Said Keele: “I was doing my job providing updates, nothing ill-informed, just responding to people asking what was going on.
“I was made to feel as if it was my tweets that were encouraging people to come down and that the police were having some ‘operational problems’.
“There were a number of police cars and fire engines – the helicopter was also up for a long time – people didn’t need us to tell them something was going on.”
The incident began shortly before 8pm and ended with a 16-year-old being detained at around 11pm.
BoS editor Chris Gill said: “Tweeting is part and parcel of modern media, and we act responsibly in a professional capacity at all times.
“We are unhappy anyone should try to prevent a reporter doing their job and will continue to supply our 3,000 plus @bedfordnews followers with updates.”
Bob Satchwell, executive director of the Society of Editors, added: “What is sad is that police officers do increasingly seem to think that they have powers which would normally only be associated with totalitarian states.
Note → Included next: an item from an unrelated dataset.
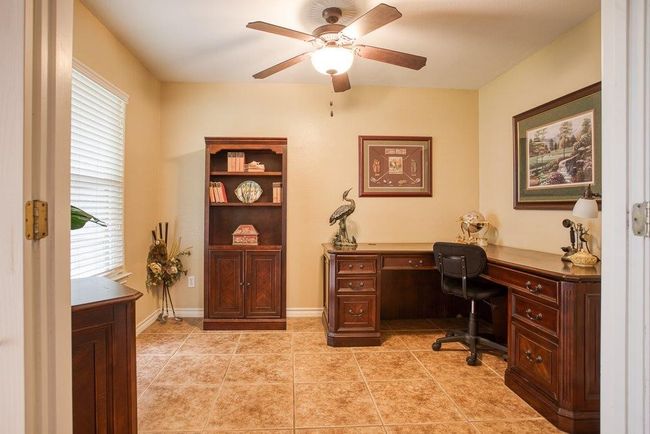 Office/study with French doors off main living area | Image 18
“Let’s hope that the police remind all their new recruits and existing officers that the media, particularly local papers, play a very important part in keeping the public informed and they should be helped not hindered.”
A spokeswoman for Bedfordshire Police told the paper that officers were given a talk about the media in their first few weeks of training.
She said: “We have a good working relationship with the local media and it is unfortunate that in this instance your reporter has had a negative experience.
“We know that when dealing with highly sensitive situations it can become extremely stressful. However, we would expect all police officers and staff to be courteous and polite when speaking with journalists and the general public.
“We are in the process of tracing the officer involved to explain the protocol that should be followed when dealing with journalists at operational cordons. We hope this situation will not reoccur.”